I hate to break it to you, but we really can’t all be morning people. It’s an admirable goal, for sure, but think of it this way: There aren't enough worms for every early bird to catch one. That’s just life. So if you’ve ever caught yourself wondering why you're not a morning person after years and years of confrontation between yourself and that pesky 6 a.m. alarm, blame life. More specifically, blame science. Why? Because there’s a theory budding among experts that the process of evolution had an impact on human sleep patterns, and doesn’t that sound better than the alternative, which is, you know, the one where you can’t stop binge-watching Stranger Things until 2 a.m. every night?
A quick internet search will result in a handful of studies and hacks detailing what makes a morning person rise out of bed with a smile on their face and not a single shadowy bag hanging from their eyelids. It could be that these people clock in the FDA-recommended six to eight hours of sleep per night, take shots of apple cider vinegar before bed, exercise regularly — the list goes on.
According to a recent study published in the Proceedings of the Royal Society B: Biological Sciences journal in July, we can officially add evolution to that list. And, for the record, humans have little to virtually no control over that, so own your nocturnal nature, friends.
The study analyzed the link between our ancestors’ sleep patterns and modern-day schedules.
Huffington Post reports that researchers observed 33 adults living in a rural hunter-gatherer tribe in Northern Tanzania over a three-week time period. The results showed that more than 99 percent of the time the group slept, at least one adult was awake, and that each individual spent six hours asleep on average, but all at different times during a 12-hour span. Sound familiar?
Depending on our work schedules, social calendars, and even personal preferences, we all go to bed and wake up at different times. According to this study, circumstance is definitely a factor, but our ancestral background plays a key role, too. Co-author David Samson, an assistant professor in the Department of Anthropology at the University of Toronto, Mississauga stated that this research proves that “human sleep is both flexible and variable.”
In other words, morning person or not, you were born this way.
My husband has a really tough time waking up early. Being the early riser that I am, I was quick to blame it on his tendency to stay on the computer past midnight, and I even searched for possible errors in his diet. According to additional research, however, there’s a strong case that morning-loathers are just products of their DNA.
Vox reported in March 2017 that a college student was diagnosed with delayed sleep phase, a rare disorder that can hardwire a person’s internal sleep clock so that it’s completely offset from the rest of the world. The then 21-year-old attending Northern Arizona University apparently cannot fall asleep until 3 a.m., and finds it difficult to start her day before 11 a.m.
Although this particular circumstance is rare, we all have something called a chronotype, which is a preferred sleep schedule we are born with that is influenced by genetics. So while you may desperately want to be a morning person because of certain career aspirations or social obligations, science says it’s probably best not to fight your unique circadian rhythm.
Philip Gehrman, a sleep researcher and clinician at the University of Pennsylvania told Vox, “Sometimes one of the helpful things I do for people is give them permission to follow a late schedule. Because there’s an attitude in our culture that there is something wrong with that.”
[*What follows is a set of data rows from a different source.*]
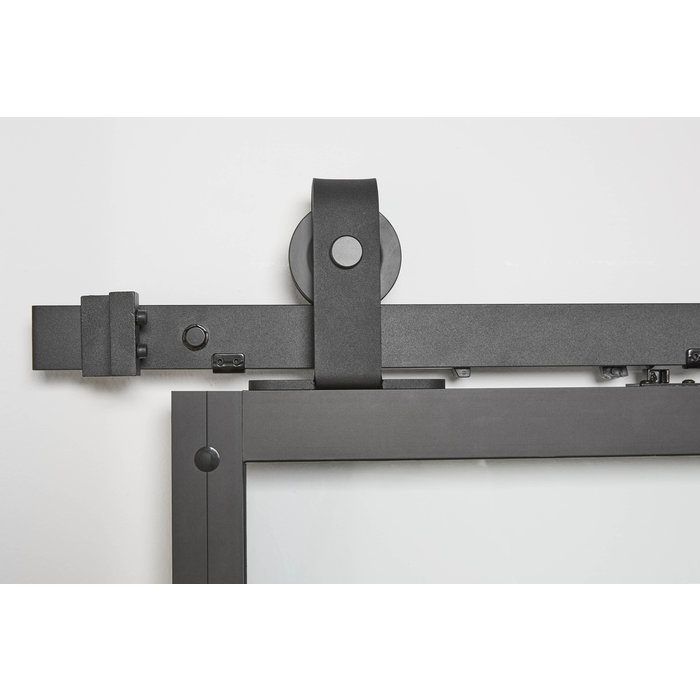 Intersteel DIY sliding door cubo black incl. transparent glass 215x980x28mm with black suspension system basic top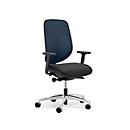 Siège de bureau 353 Giroflex, avec accoudoirs, mécanisme synchrone automatique, assise galbée, bleu/noir/alu blanc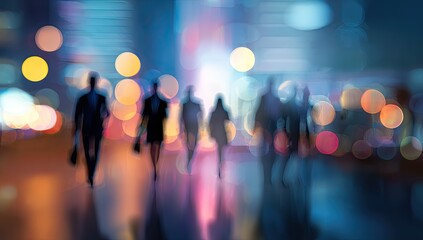 Blurry figures walking a city street at night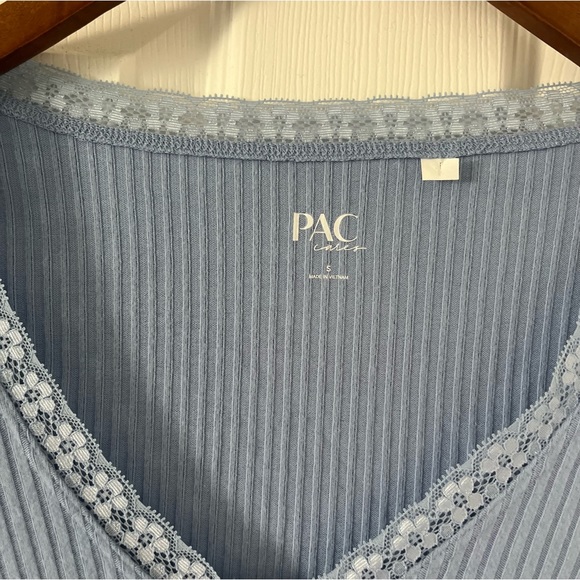 Pacsun Pac Cares Blue Long Sleeve Crop Shirt - Picture 2 of 5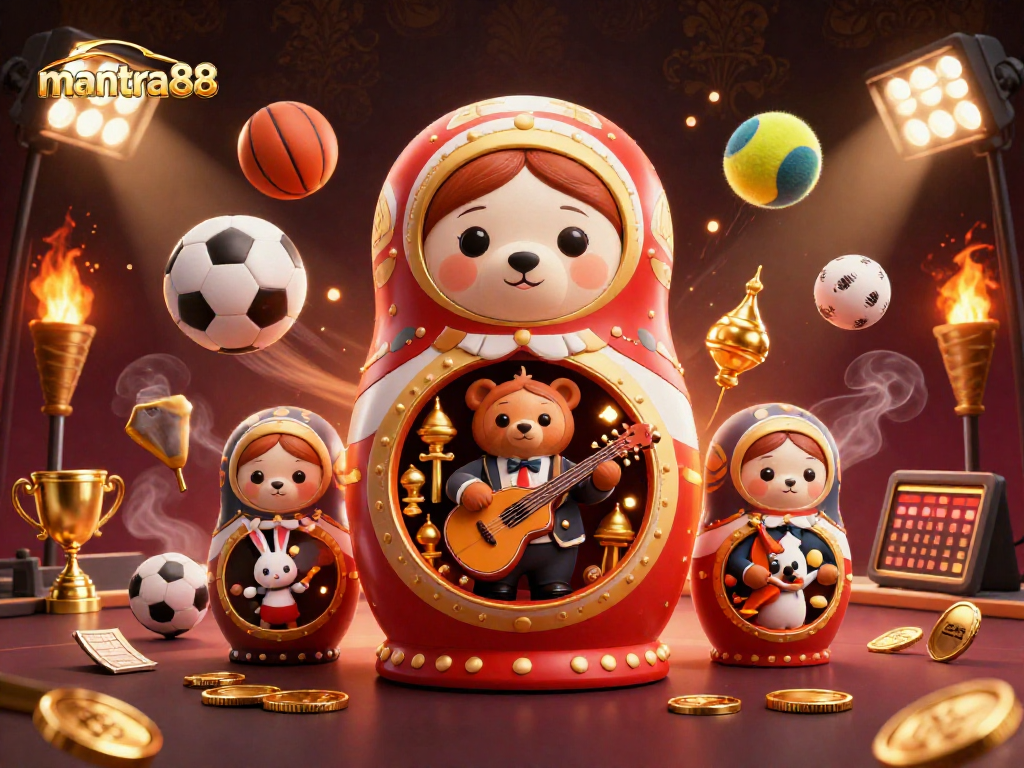 Engage in mantra88 vibes with a vibrant casino scene featuring dynamic sports elements and cheerful characters.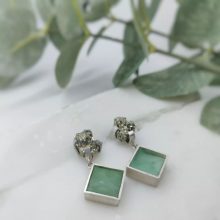 Ohrschmuck Pyrit mit Chrysopras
It’s no secret that society seems to favor early risers because there’s this assumption that the longer you are awake, the more productive you are. But there’s a difference between being awake and actually being able to function. If your brain struggles to process the world around you until 11 a.m., sleep in.
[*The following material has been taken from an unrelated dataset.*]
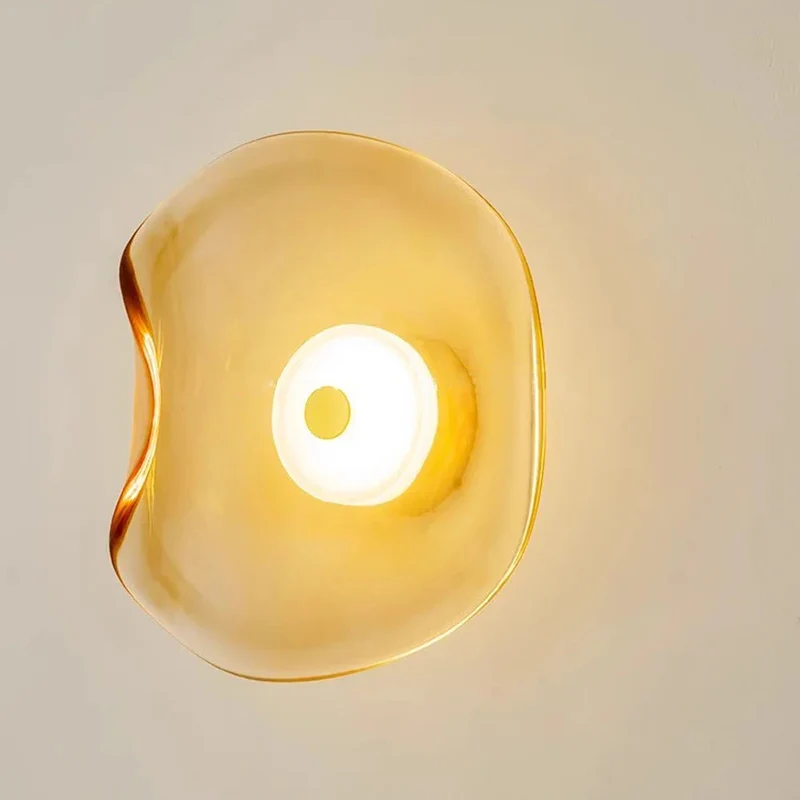 Premium Wandleuchte aus Glas und Stein für Räume 5-10m² – Éclat Ambre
Still, just because you're not a morning person doesn't mean waking up early has to be painful.
So we’re not all hardwired to rise and shine at 6 a.m. That’s totally fine, but the hard truth is night owls are going to have it rough when an office meeting or class seminar is scheduled early AF, and the only option is to endure it, regardless of genetically assigned chronotype.
Luckily, there are ways in which we can finagle mornings to not feel so brutal. For example, instead of heading to bed at midnight, snuggle under the sheets around 11 or even 10 p.m. to let your body know it’s time to wind down.
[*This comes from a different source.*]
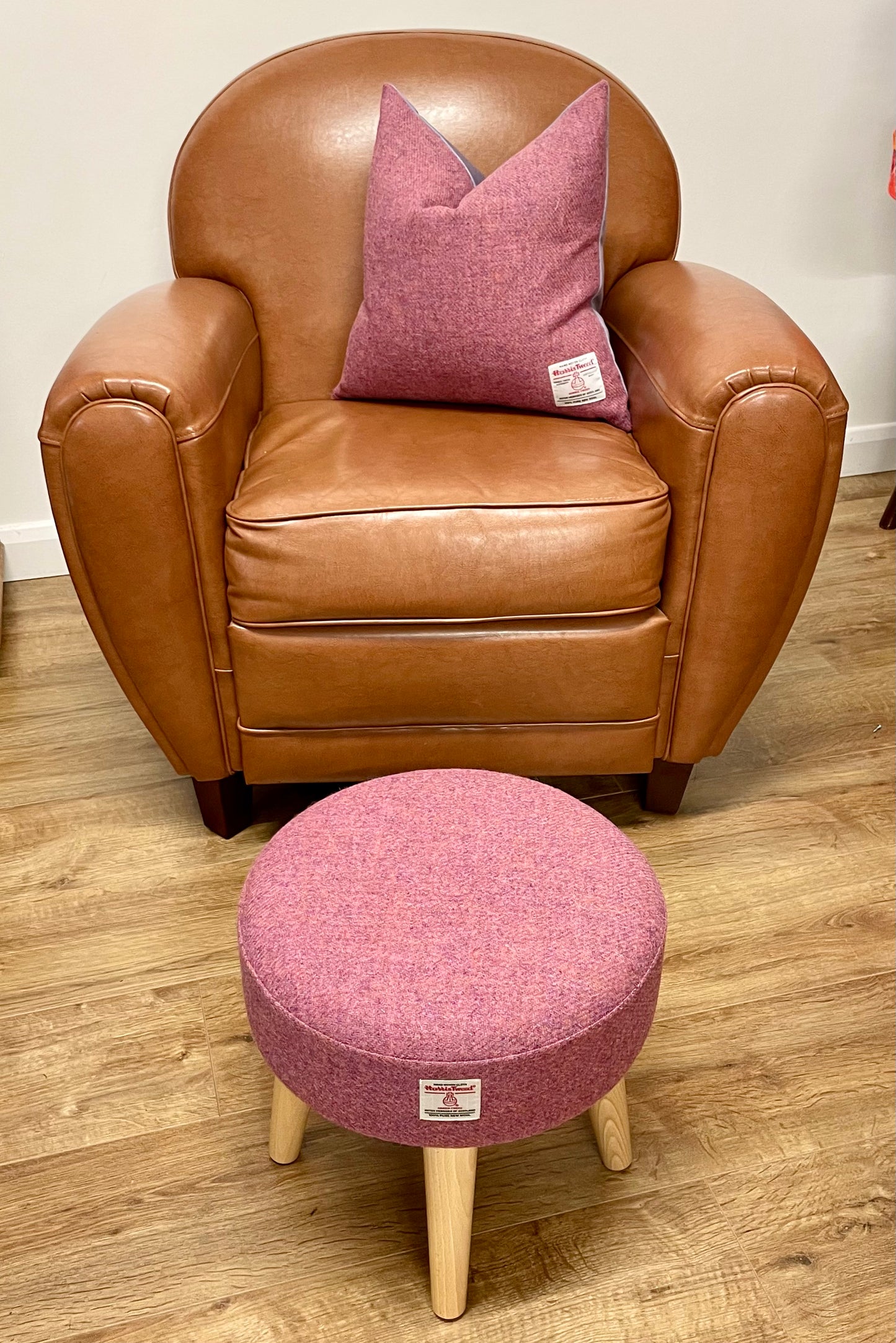 Dusky Pink Purple Harris Tweed Footstool with Varnished Light Wooden Legs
You can even prepare yourself for the early morning ahead by drinking a ton of water a few days leading up to that 7 a.m. alarm to keep hydration and oxygen levels up. And while we're on the subject of alarms, do yourself a huge favor and download a tune that makes you feel all the good vibes, because I can guarantee sticking to your smartphone’s default acoustic number will actually make you want to punch a wall by the time the alarm goes off.
Keep in mind, though, that "early to bed, early to rise," isn't for everyone, and that's OK. Just snooze when necessary, and figure out a few ways to make mornings a little easier on you.